Chinese Computing

Chinese in Java

Sections

Chinese Supplement to JDK2.0

The Java2 JDK now comes with a Chinese localized supplement.

Java's site also has a Chinese glossary of Java terms.

Compiling Java Source Files Containing Chinese

Java works internally with Unicode, so when compiling source code files that used a Chinese encoding such as Big5 or GB2312, you need to specify the encoding to the compiler in order to properly convert it to Unicode.

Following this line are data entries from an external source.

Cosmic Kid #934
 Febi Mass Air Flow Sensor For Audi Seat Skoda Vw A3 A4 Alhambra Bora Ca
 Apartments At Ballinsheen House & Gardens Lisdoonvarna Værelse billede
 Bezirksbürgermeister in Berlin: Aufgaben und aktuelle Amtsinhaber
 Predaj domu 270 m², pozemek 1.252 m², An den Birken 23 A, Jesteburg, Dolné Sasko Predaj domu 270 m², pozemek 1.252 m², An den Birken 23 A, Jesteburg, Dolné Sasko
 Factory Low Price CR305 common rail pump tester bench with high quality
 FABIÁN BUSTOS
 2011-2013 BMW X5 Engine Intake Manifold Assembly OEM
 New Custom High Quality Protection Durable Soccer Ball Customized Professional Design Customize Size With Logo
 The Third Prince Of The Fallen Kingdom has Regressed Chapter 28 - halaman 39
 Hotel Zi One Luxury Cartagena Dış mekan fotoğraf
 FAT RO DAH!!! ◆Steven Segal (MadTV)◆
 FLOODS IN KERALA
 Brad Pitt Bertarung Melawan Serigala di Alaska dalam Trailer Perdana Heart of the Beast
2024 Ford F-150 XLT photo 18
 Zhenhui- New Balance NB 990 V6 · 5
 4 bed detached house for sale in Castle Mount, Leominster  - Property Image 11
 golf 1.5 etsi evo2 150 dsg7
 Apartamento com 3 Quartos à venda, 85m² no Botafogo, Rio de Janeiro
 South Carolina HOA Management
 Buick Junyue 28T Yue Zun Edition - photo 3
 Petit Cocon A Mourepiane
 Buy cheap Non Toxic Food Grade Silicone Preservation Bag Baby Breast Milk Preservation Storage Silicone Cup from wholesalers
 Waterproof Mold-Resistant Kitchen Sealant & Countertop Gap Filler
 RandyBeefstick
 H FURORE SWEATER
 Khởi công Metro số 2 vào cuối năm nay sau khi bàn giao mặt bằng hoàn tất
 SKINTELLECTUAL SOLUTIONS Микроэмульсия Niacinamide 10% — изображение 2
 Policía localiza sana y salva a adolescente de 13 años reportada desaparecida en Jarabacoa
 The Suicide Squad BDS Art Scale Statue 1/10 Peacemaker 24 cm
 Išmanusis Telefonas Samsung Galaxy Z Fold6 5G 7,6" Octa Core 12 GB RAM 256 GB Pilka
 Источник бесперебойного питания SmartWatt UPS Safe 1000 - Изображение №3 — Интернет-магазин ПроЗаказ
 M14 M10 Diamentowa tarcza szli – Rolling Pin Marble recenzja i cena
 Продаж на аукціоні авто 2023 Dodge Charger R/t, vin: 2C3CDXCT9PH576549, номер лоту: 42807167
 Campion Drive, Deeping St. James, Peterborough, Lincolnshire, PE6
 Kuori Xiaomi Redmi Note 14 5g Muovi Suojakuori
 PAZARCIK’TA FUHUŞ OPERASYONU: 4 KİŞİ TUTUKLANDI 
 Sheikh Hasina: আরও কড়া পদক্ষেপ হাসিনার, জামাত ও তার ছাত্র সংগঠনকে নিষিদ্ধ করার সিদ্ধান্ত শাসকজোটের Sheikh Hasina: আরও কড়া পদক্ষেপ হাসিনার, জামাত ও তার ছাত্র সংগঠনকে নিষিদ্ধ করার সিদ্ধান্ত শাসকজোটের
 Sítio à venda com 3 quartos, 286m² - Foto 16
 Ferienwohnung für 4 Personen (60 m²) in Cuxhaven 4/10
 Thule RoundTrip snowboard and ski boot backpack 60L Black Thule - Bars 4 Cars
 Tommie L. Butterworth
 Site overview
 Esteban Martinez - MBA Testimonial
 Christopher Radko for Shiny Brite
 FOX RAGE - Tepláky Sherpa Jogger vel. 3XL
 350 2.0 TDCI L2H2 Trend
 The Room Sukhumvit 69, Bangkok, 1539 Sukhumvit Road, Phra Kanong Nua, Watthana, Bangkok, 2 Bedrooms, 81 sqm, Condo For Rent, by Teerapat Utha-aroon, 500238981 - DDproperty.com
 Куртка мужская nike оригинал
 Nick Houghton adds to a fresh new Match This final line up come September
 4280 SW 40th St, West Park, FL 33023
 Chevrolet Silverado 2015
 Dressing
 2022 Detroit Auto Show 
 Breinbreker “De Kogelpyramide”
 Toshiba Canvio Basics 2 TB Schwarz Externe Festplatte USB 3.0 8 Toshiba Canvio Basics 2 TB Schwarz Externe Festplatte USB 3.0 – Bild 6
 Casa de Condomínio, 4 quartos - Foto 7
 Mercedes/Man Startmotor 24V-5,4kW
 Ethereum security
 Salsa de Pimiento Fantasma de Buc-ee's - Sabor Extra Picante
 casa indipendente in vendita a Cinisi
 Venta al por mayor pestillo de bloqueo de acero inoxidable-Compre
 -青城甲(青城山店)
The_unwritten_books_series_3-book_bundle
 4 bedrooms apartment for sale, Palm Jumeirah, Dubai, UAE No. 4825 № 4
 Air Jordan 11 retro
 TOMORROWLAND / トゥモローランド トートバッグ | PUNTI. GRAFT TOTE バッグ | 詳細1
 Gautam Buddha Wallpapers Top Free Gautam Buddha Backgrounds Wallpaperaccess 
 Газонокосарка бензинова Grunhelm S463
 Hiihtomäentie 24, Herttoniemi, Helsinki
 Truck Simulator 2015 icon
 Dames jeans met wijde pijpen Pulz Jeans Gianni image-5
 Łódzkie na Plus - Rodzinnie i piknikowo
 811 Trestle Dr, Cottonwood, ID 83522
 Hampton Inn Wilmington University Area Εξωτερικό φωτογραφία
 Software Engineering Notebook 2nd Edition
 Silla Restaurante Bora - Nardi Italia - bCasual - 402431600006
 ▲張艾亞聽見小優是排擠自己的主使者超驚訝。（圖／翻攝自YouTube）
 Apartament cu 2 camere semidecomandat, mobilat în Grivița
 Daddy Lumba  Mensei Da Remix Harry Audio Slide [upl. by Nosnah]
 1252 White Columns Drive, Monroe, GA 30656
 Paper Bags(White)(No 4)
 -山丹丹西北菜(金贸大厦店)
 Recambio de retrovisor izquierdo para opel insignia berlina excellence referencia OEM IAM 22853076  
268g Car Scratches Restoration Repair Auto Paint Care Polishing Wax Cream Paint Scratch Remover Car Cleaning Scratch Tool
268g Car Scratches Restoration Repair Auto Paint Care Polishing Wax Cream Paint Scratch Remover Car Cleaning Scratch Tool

javac -encoding big5 sourcefile.java
or
javac -encoding gb2312 sourcefile.java

Loading GB or Big5 files

Java comes with a classes called InputStreamReader and OutputStreamWriter that translate into and out of Unicode from local encodings. Fortunately, two of the supported encodings are GB2312 (used in mainland China and Singapore) and Big5 (used in Hong Kong and Taiwan). Below is a sample program that converts a GB2312 file to UTF-8. It is derived from a sample program in Java in a Nutshell.

import java.io.*;

public class inputtest {
  
  public static void main(String[] args) {
    String outfile = null;

    try { convert(args[0], args[1], "GB2312", "UTF8"); } // or "BIG5"
    catch (Exception e) {
      System.out.print(e.getMessage());
      System.exit(1);
    }
  }

  public static void convert(String infile, String outfile, String from, String to) 
       throws IOException, UnsupportedEncodingException
  {
    // set up byte streams
    InputStream in;
    if (infile != null) in = new FileInputStream(infile);
    else in = System.in;
    OutputStream out;
    if (outfile != null) out = new FileOutputStream(outfile);
    else out = System.out;

    // Use default encoding if no encoding is specified.
    if (from == null) from = System.getProperty("file.encoding");
    if (to == null) to = System.getProperty("file.encoding");

    // Set up character stream
    Reader r = new BufferedReader(new InputStreamReader(in, from));
    Writer w = new BufferedWriter(new OutputStreamWriter(out, to));

    // Copy characters from input to output.  The InputStreamReader
    // converts from the input encoding to Unicode,, and the OutputStreamWriter
    // converts from Unicode to the output encoding.  Characters that cannot be
    // represented in the output encoding are output as '?'
    char[] buffer = new char[4096];
    int len;
    while((len = r.read(buffer)) != -1) 
      w.write(buffer, 0, len);
    r.close();
    w.flush();
    w.close();
  }

}

Displaying Chinese

Finding Chinese Fonts

Java 2 allows the programmer to directly access the fonts on the machine. The code sample below gets a list of all the fonts on the system, and then checks each font to see if it can display a sample Chinese string. Matching fonts are printed. Variations of the below code can be used to automatically find Chinese fonts and set the font of the Swing components accordingly. The method canDisplayUpTo seems to have changed since 1.2. This sample works for Java 1.4.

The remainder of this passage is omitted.